News and EventsTuesday, February 14, 2017
National Social Work Month spotlight: ESP Care Manager Cassie Grubb
National Social Work Month: Interview with ESP Care Manager Cassie Grubb
March is National Social Work Month. This year’s campaign from the National Association of Social Workers is Stand Up for Social Work! The campaign will educate the public about the contributions of social workers and give them tools they can use to elevate the profession.
Council on Aging employs more than 100 licensed social workers (LSWs) and licensed independent social workers (LISWs) who are vital to our mission of helping the people we serve remain independent in their homes. We offer a special thanks this month and year round to our social workers – and social workers everywhere – who are dedicated to improving the lives of others.
To commemorate National Social Work Month, we spoke with one of our own social workers, Cassie Grubb, LSW, about her experiences with COA and as a social worker. Cassie has been with COA for more than 12 years and is a care coordinator for the Hamilton County Elderly Services Program (ESP). She also serves as a Team Educator for the ESP team.
What led you to choose a career in social work?
When I was in school, I knew that I wanted to be able to help people. At the time I was torn between social work and being a teacher. I worked at an adult day center and that helped me to decide on the direction I went. Somebody I worked with there actually helped me to get my job here at COA when I graduated. Although now that I’m a Team Educator, I guess I got to do both, after all.
(NOTE: In collaboration with COA’s Human Resources and Training team, Team Educators coordinate the training process for new hires within their respective departments. They also assist Human Resources in training COA’s Self Directed Teams on new trainings and initiatives.)
What do you find rewarding about the work you do?
I like being able to meet with people in their home and working with them where they feel most at ease. I see what it means to them to be there and I know that the work I do with them can help to keep them there. It means more than receiving any particular service. The goal is for them to be at home, not just get help with transportation or meals. It’s all for that goal.
Being a Team Educator, I also get to experience the reward of seeing new staff use what I’ve taught them and combine that with their own passion to help others and get out there and help their own clients. That is very rewarding to see happen.
You obviously experience some challenges in your role. Talk about one of them and what you do to overcome it.

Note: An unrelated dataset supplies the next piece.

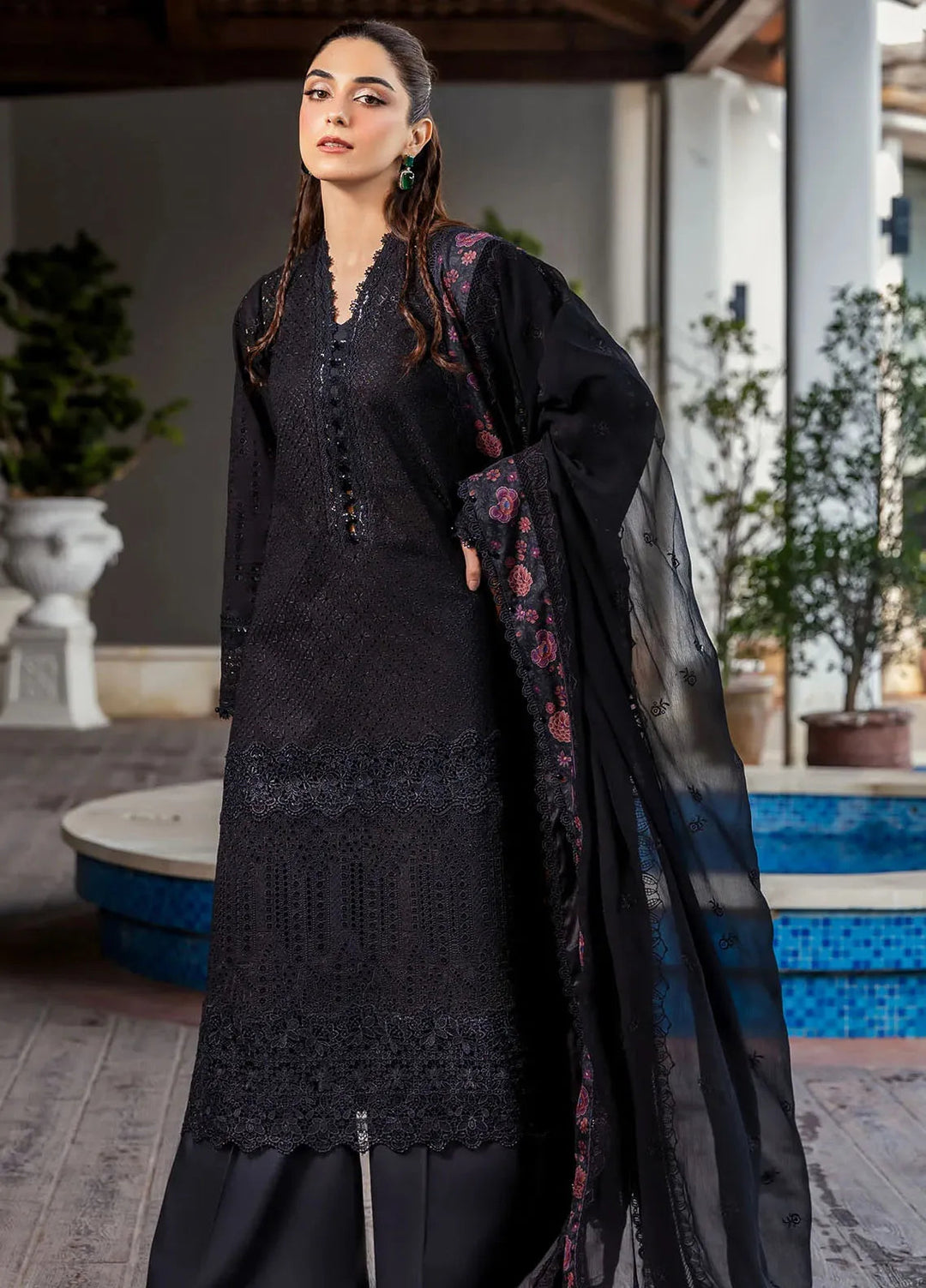 Motifz Embroidered Lawn Suit Unstitched 3 Piece MT25PL 5326 - Summer Collection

One of the biggest challenges is meeting with somebody who doesn’t want help or is hesitant to listen to us. It might be because of pride, fear or simply not knowing me or COA enough to trust us.
I’ve found the best approach in this situation is to clearly define what we do and how we can help them. Then I explain that our services are there to keep them healthy, safe and at home. I also remind them that we are not only a help to them, but often their caregivers, who are often their own children. Just taking a caring and honest approach can go a long way.
When somebody hears the title “social worker,” what do you want them to think of?
It’s hard to pin it down. The opportunities for social workers are so diverse. There are so many different populations that benefit from social work through limitless services. I just hope people understand how many different services we can provide and that each of us carries a unique set of skills and knowledge. I don’t even refer to myself as a social worker. I identify as a care coordinator, which is just one of the many options out there. Even as a care coordinator I continue to learn so many different things.
In the spirit of National Social Work Month, how would you say that you or your colleagues “Stand Up” for the people that you serve?
We are experts at what we do, but sometimes peoples’ needs go beyond what services we can provide, or they just could be a better fit for other programs. Sometimes our job requires being more than a care coordinator and we become their advocate and a resource. We can provide information and connect them to resources outside of COA. Sometimes we can even go as far as to make calls to those resources for them.
In my time here I’ve seen some instances where members of my team have gone above and beyond and devoted extra time to a client when it was needed. The people I work with can do some amazing things and they do it for the same reasons I got into this job. They just have that desire to help others.